So, I read that having an AMD GPU is smoother and easier to integrate than a NVIDIA GPU(the recommendations at the buyer´s guide talks a different language. So I am a little confused.)

So my main aim is to build a budget system for occasional UHD/4K editing (Adobe Premie Pro) and color grading with Davinci Resolve (no Video RAW, but up to Apple ProRes 4444 and/ Avid DNxHR HQX.)

As I am right the NVIDIAs are faster and better supported by the software I use. On the other hand it seems that the AMD GPUs are supported by the OS themselves. I am interested in a the GPUs that has less trouble and would accept little less performance. Which GPU do you recommend?

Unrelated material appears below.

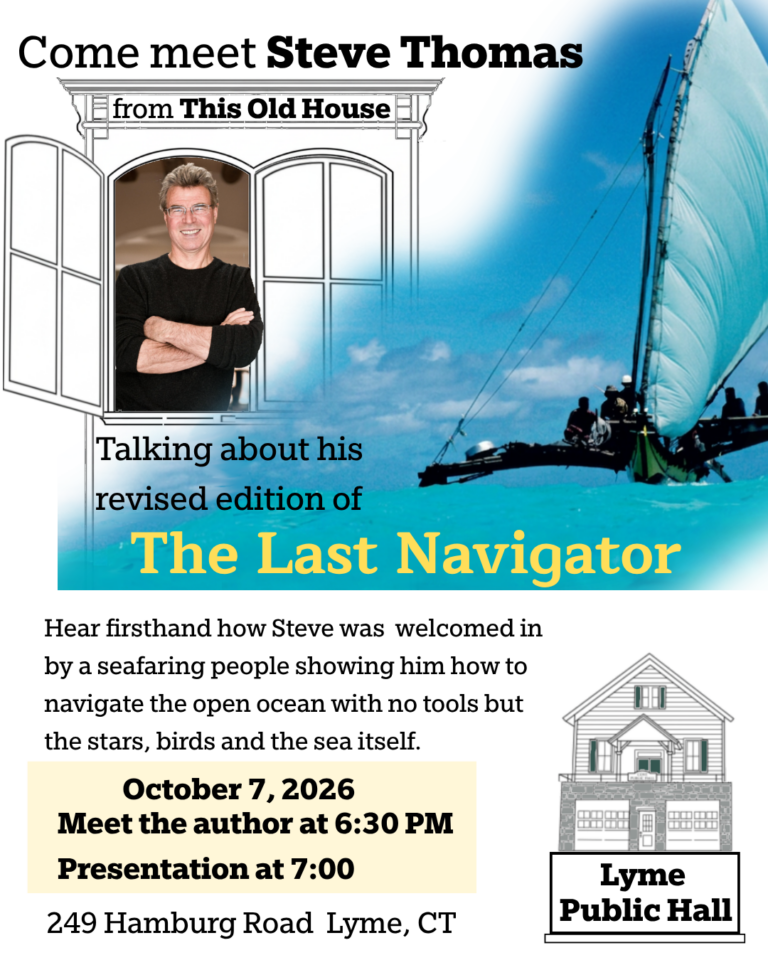 Flyer for Steve Thomas event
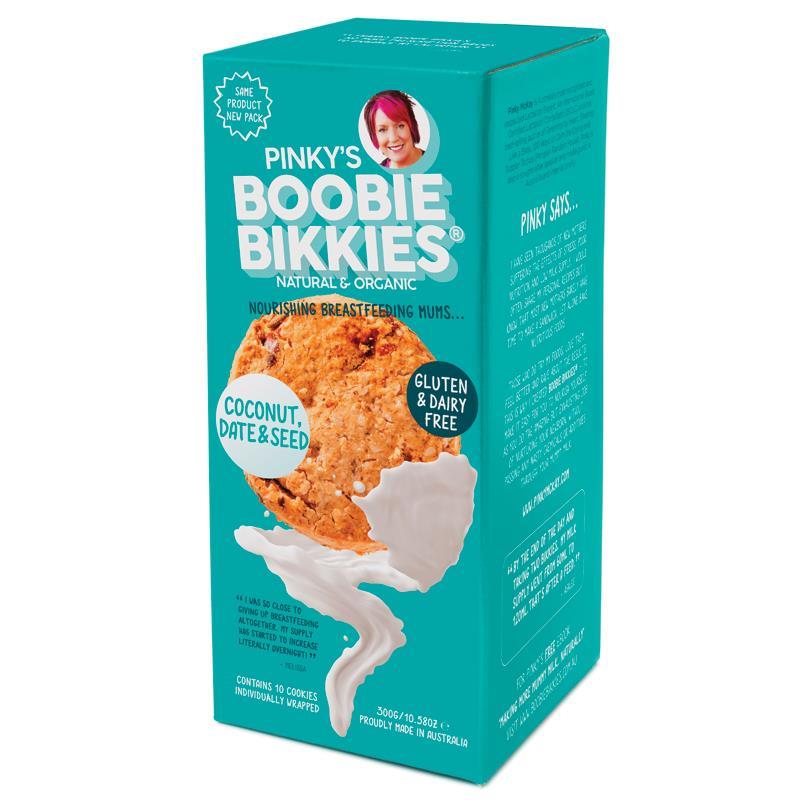 Carton of 10 Boobie Bikkies - Coconut, Date & Seed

My CPU should be a i7 8700K. I also need Thunderbolt 3. Is there a mainboard that is predestinated for thunderbolt 3?
Thanks in advance!
 
My CPU should be a i7 8700K. I also need Thunderbolt 3. Is there a mainboard that is predestinated for thunderbolt 3?
Thanks in advance!

You want a 8700K? As far as I know there is only one motherboard with Thunderbolt 3 onboard that supports the 8700K, an ASRock Z370 ITX board.

If you don't want ITX and want Thunderbolt 3, you have to make sure the motherboard has a Thunderbolt header, and you will have to purchase in addition a Thunderbolt 3 add in card like the Gigabyte GC Alpine Ridge or Asus ThunderboltEX 3.

Check the Coffee Lake Buyer's Guide for motherboard choices. Personally I recommend Gigabyte or Asus boards.
 
I'm running my third Hackintosh built with a similar intent as you: Premiere/After Effects/Davinci Resolve up to UHD.

The current iteration of X99 motherboard/Haswell Xeon CPU/64GB RAM/twin GTX 970 GPUs has been excellent for editing with 1080p proxy files (I often offline edit on my 13" MacBook Pro so use proxies to work on both). And 1080p/UHD compositing in After Effects has been a breeze.

However Davinci Resolve has been an unbearable mess, which I lay at the door of the pair of GTX 970 GPUs I have.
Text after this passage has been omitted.